### THE TASK
Return the whole listing unchanged. Drop the images.

┄┄┄┄┄┄┄┄┄┄┄┄┄┄┄┄┄┄┄┄

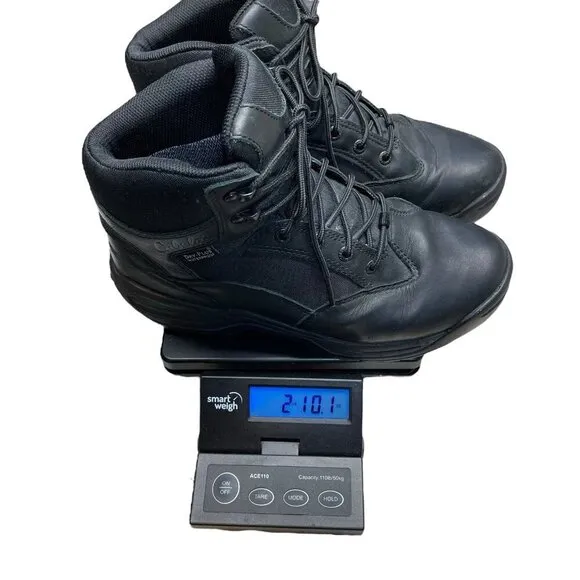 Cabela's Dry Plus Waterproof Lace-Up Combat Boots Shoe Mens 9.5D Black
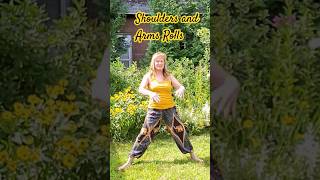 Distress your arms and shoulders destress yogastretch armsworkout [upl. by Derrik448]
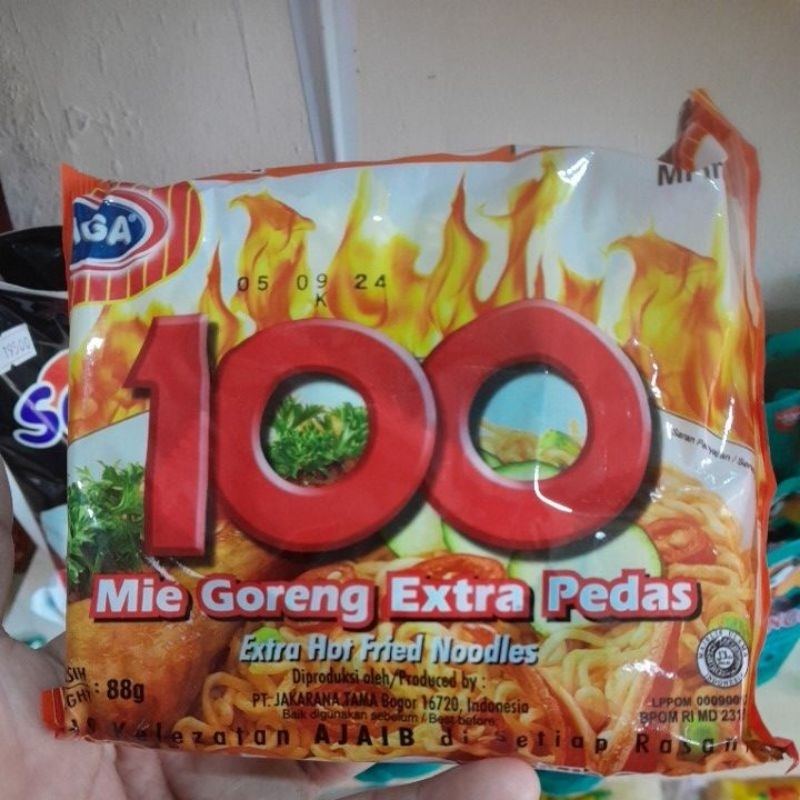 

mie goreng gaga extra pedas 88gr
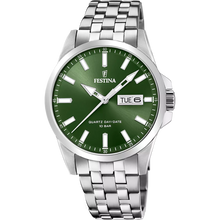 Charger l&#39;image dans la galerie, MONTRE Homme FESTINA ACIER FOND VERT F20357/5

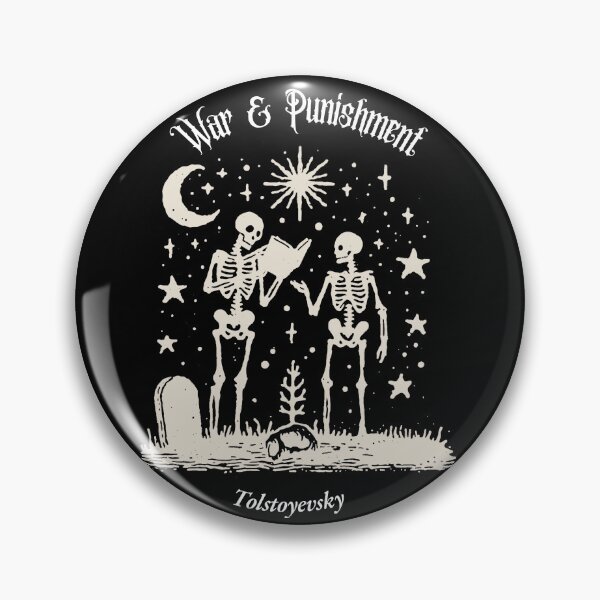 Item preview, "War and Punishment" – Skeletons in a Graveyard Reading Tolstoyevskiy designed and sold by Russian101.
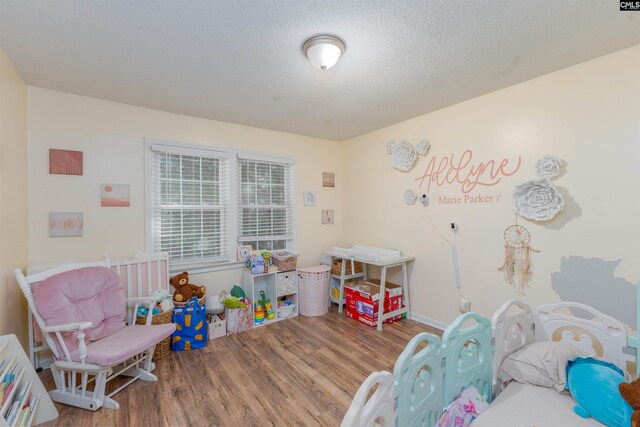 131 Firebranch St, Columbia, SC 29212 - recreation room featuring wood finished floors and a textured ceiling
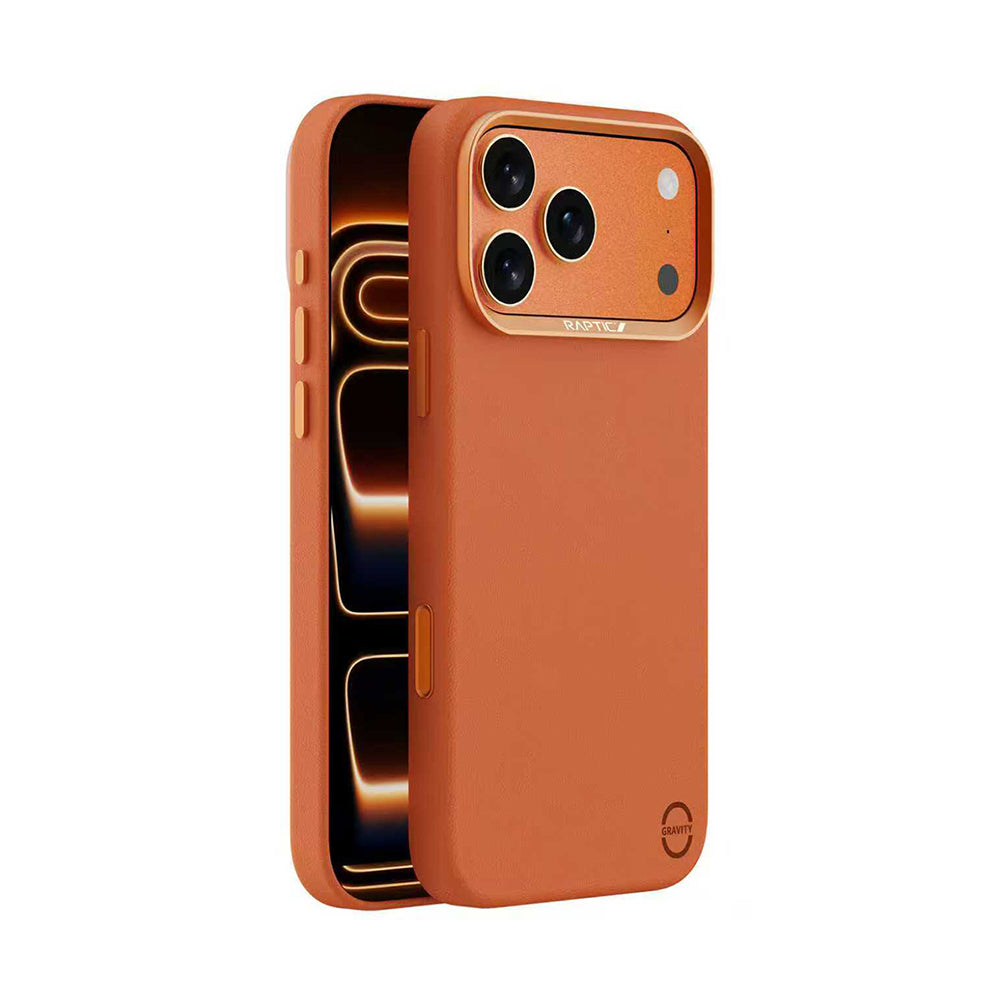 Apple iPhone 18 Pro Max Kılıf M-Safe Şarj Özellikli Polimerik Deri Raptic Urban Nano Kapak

┄┄┄┄┄┄┄┄┄┄┄┄┄┄┄┄┄┄┄┄

### EXERCISE RESULT
 Cabela's Dry Plus Waterproof Lace-Up Combat Boots Shoe Mens 9.5D Black
 Distress your arms and shoulders destress yogastretch armsworkout [upl. by Derrik448]

mie goreng gaga extra pedas 88gr
 Charger l&#39;image dans la galerie, MONTRE Homme FESTINA ACIER FOND VERT F20357/5

 Item preview, "War and Punishment" – Skeletons in a Graveyard Reading Tolstoyevskiy designed and sold by Russian101.
 131 Firebranch St, Columbia, SC 29212 - recreation room featuring wood finished floors and a textured ceiling
 Apple iPhone 18 Pro Max Kılıf M-Safe Şarj Özellikli Polimerik Deri Raptic Urban Nano Kapak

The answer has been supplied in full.